WORK TO COMPLETE:
For the listing below, the answer is an exact retyping of the lines from the one with "Purple Geometric Interlock Area Rug" through the one with "Kate Elegant Drapes", both included, without pictures.

TASK MATERIAL:

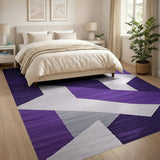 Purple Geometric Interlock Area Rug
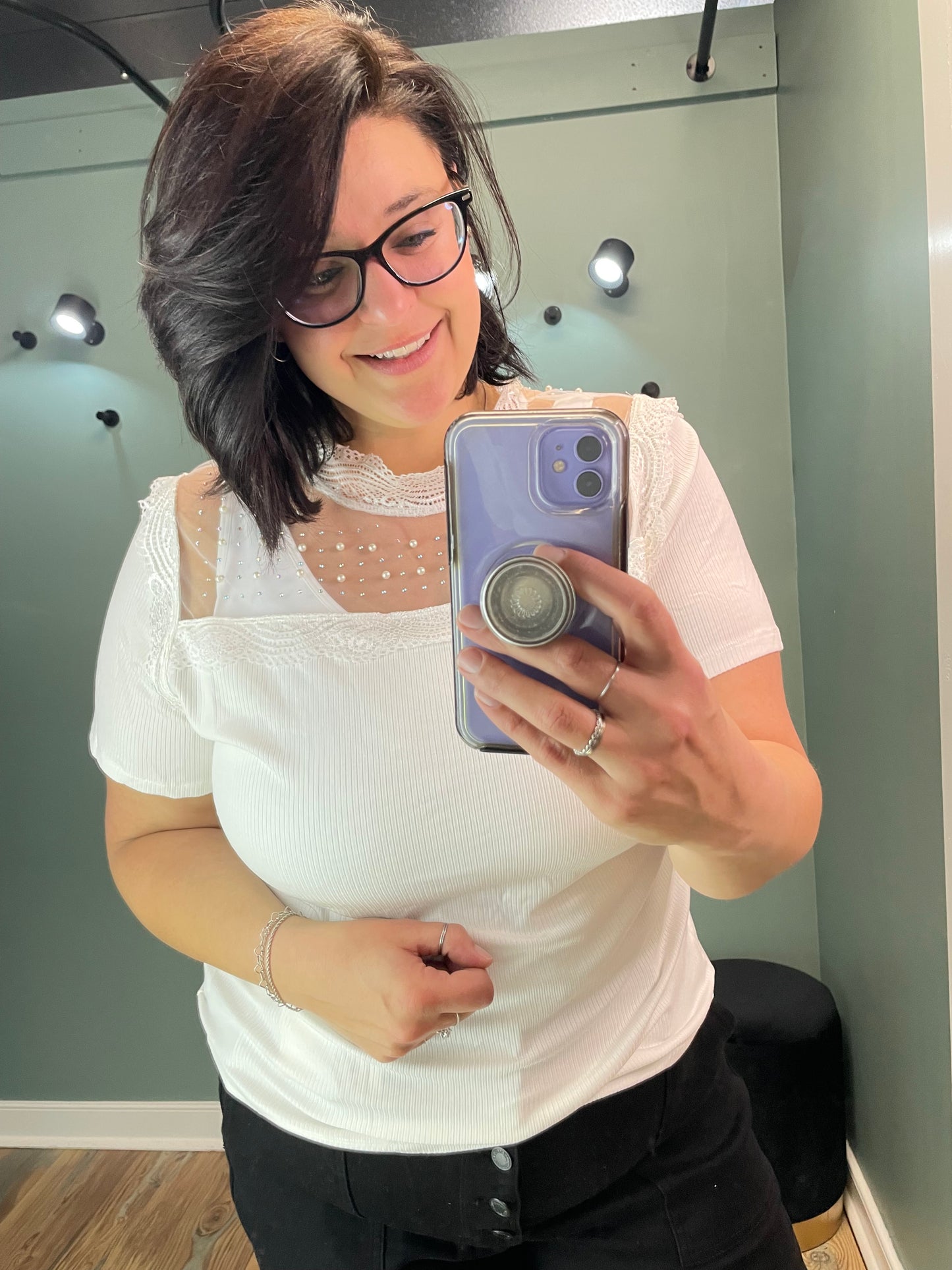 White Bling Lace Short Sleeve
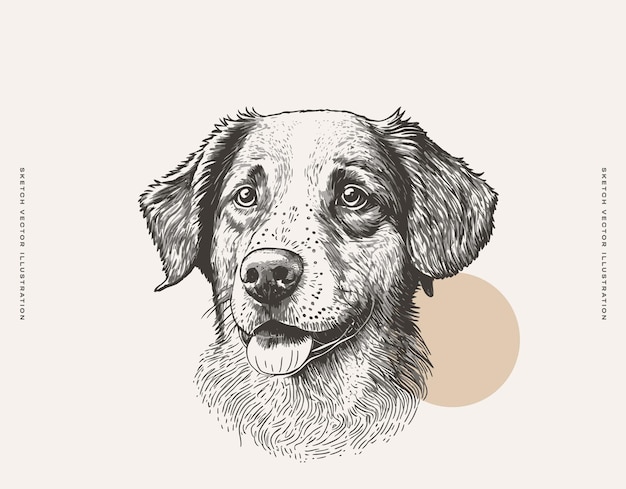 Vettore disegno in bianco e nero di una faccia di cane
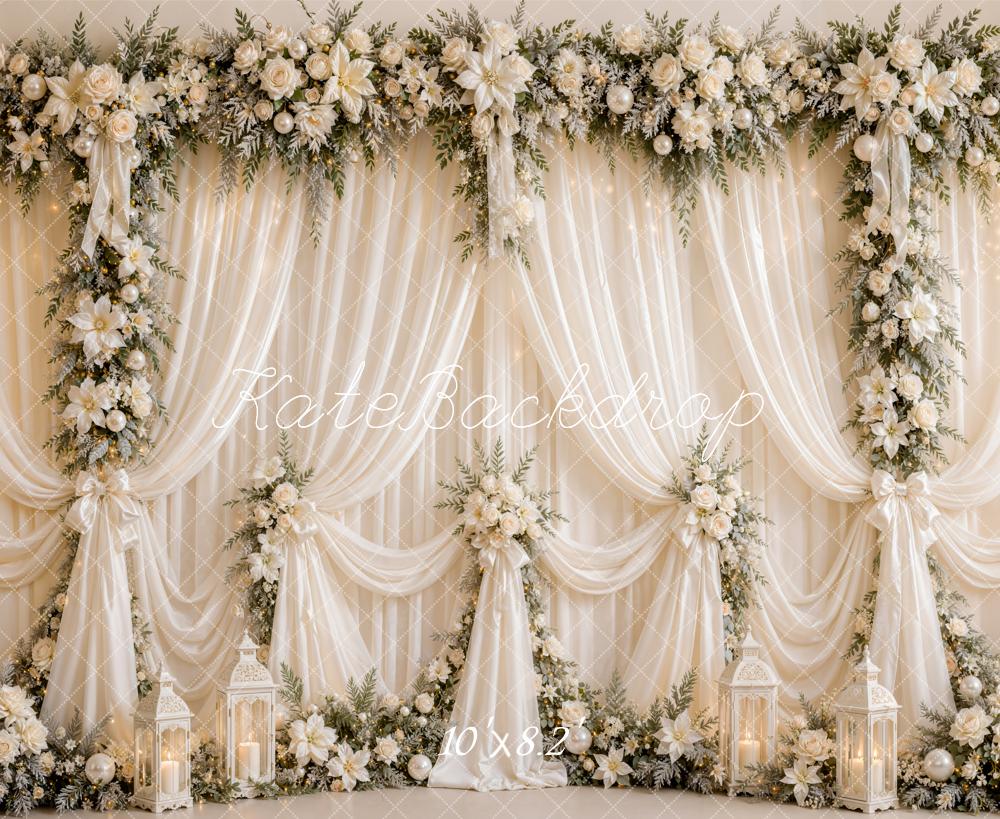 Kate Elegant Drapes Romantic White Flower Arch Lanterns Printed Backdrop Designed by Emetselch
==
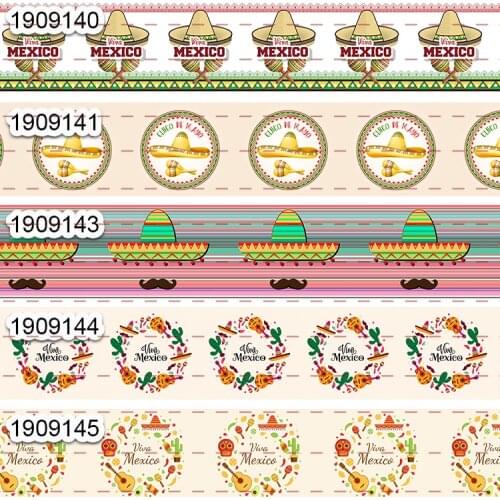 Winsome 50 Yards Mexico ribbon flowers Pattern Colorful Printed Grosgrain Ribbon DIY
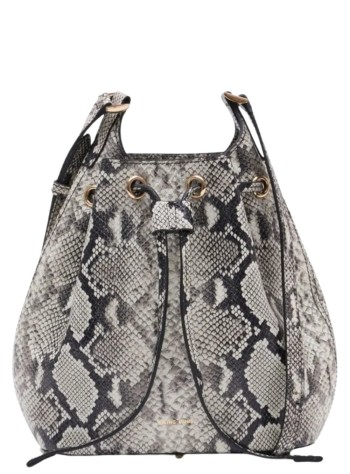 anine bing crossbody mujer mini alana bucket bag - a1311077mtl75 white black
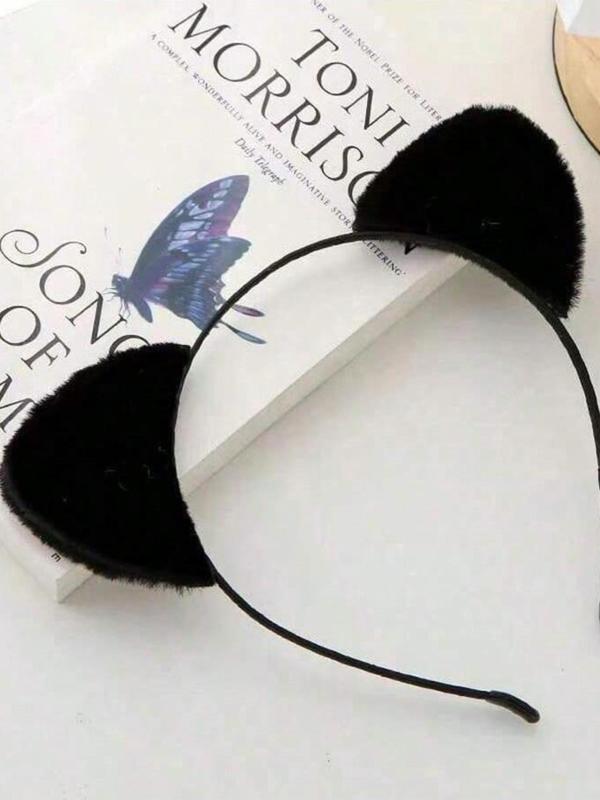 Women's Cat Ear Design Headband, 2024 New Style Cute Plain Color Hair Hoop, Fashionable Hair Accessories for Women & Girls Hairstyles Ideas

PROBLEM SOLUTION:
 Purple Geometric Interlock Area Rug
 White Bling Lace Short Sleeve
 Vettore disegno in bianco e nero di una faccia di cane
 Kate Elegant Drapes Romantic White Flower Arch Lanterns Printed Backdrop Designed by Emetselch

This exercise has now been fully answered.